## STORED DATA

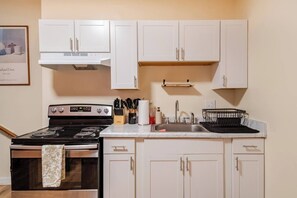 Private kitchen - Colorful Columbus Casita - Great for Travel & Work. 7 Minutes from Downtown! (Columbus)
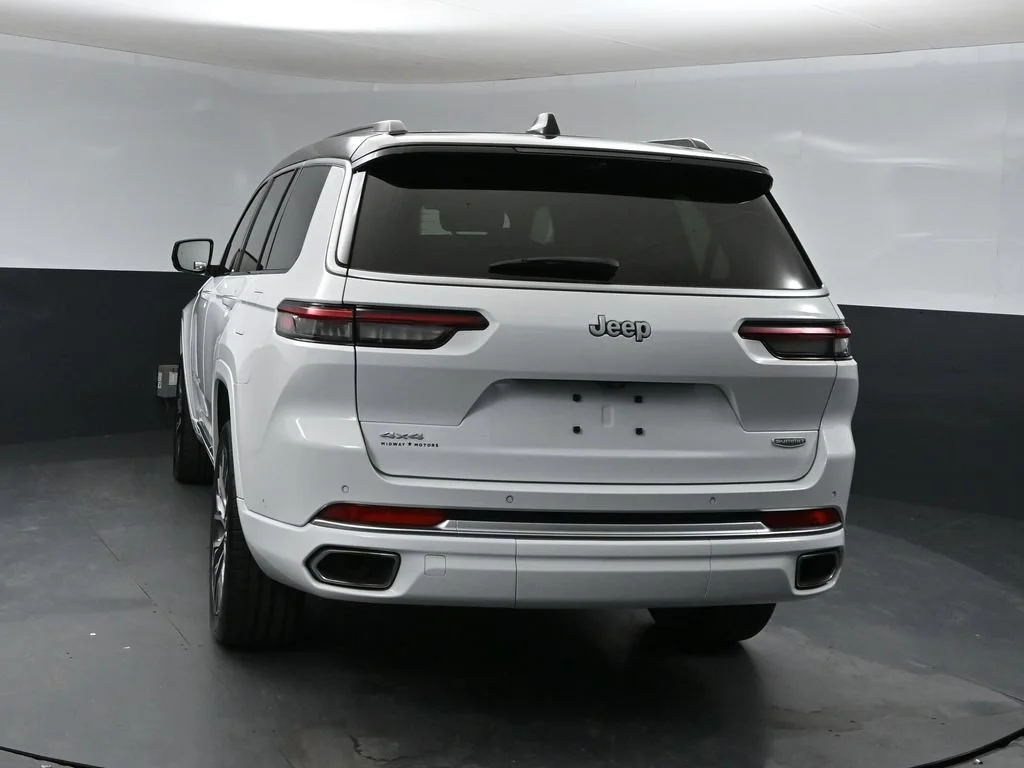 Used 2024 White Jeep Summit image 3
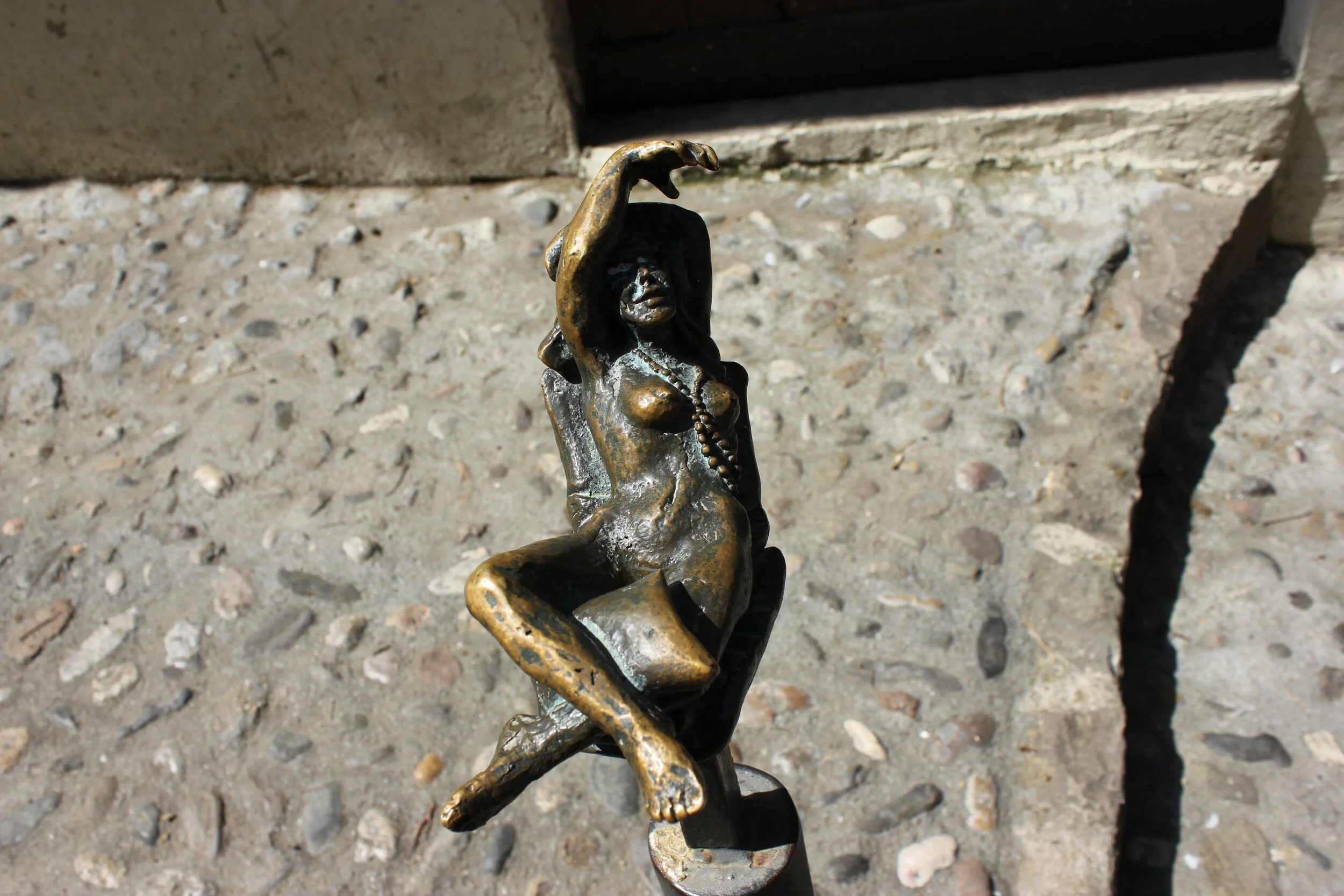 Lady in Barcelona. 
Photographed and edited by Amyra Atheefa, 2016.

## EXERCISE OBJECTIVE
No pictures belong in the answer; copy all other parts of the listing exactly.

## EXERCISE ANSWER
 Private kitchen - Colorful Columbus Casita - Great for Travel & Work. 7 Minutes from Downtown! (Columbus)
 Used 2024 White Jeep Summit image 3
 Lady in Barcelona. 
Photographed and edited by Amyra Atheefa, 2016.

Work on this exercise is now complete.